EXERCISE REQUIREMENTS –
Determine how many lines below hold the string "Lydia". Reply with the number alone.

[[ RECORDED INFORMATION, beginning ]]

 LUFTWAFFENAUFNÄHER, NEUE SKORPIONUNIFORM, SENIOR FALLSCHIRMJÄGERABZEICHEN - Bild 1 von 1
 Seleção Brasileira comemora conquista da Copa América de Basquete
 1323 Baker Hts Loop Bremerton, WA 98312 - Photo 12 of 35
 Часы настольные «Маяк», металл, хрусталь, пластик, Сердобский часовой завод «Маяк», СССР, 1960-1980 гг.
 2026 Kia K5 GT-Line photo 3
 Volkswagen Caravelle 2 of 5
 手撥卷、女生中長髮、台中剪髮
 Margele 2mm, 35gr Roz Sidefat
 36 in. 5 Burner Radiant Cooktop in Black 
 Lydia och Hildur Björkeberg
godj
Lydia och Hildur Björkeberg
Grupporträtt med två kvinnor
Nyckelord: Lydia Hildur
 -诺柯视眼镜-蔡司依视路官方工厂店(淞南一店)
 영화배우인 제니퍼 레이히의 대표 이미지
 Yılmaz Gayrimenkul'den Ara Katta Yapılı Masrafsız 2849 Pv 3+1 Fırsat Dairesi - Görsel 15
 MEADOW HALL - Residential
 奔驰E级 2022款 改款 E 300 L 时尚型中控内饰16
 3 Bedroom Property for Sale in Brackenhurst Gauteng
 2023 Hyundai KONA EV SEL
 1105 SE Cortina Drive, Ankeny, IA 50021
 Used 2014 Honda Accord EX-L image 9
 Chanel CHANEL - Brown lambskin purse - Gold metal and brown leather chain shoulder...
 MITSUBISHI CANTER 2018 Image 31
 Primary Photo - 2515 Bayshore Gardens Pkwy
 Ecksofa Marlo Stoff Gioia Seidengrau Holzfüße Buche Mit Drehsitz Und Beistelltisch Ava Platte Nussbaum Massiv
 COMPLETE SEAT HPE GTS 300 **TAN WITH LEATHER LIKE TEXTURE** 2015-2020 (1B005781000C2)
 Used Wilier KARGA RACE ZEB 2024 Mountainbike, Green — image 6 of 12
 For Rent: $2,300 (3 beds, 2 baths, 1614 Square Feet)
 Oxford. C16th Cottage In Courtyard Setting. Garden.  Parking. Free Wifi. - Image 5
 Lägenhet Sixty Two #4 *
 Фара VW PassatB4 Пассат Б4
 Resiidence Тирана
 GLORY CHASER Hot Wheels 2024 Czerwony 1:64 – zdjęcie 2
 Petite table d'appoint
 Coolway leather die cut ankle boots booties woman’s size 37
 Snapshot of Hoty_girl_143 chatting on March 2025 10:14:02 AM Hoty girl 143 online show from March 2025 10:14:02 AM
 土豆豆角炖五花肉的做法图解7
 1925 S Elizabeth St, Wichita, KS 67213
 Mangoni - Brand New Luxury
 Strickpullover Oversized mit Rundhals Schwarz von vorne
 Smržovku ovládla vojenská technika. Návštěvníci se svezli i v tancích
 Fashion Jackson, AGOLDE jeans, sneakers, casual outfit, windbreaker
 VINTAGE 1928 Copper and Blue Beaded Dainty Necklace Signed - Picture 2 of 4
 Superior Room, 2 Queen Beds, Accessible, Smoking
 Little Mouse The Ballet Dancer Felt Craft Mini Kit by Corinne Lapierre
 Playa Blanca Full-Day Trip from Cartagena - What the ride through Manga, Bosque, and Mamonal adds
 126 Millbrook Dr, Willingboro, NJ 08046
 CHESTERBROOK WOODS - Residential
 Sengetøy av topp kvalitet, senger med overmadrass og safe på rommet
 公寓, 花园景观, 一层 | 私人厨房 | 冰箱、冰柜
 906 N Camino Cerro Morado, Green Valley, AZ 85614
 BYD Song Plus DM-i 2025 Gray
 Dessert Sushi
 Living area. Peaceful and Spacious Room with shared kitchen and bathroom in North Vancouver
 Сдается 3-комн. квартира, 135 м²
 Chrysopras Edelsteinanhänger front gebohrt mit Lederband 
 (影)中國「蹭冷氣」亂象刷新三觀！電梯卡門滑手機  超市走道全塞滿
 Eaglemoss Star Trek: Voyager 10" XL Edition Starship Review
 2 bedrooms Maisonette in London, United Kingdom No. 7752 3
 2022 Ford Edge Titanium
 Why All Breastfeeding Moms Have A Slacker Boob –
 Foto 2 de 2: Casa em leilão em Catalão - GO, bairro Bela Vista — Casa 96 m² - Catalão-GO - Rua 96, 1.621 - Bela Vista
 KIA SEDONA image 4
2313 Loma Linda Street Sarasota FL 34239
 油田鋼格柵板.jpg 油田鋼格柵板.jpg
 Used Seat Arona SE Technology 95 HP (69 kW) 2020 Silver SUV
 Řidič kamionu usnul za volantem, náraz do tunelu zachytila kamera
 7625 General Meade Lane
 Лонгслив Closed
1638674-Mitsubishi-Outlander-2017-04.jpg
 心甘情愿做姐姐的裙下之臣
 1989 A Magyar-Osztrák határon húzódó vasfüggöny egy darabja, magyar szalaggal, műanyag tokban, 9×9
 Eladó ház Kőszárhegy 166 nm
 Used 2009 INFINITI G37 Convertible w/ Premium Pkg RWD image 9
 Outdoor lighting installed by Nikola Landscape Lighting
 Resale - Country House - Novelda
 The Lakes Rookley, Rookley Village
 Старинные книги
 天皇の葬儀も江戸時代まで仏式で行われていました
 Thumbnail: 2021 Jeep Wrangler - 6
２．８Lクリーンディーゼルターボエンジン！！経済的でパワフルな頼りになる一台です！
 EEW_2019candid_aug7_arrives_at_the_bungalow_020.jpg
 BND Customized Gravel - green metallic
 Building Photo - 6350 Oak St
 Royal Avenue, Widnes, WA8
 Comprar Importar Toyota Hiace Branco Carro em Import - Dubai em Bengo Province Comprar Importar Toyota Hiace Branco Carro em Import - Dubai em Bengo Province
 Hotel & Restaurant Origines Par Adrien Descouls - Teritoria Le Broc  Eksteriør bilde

[[ RECORDED INFORMATION, end ]]

ANSWER BOX –
3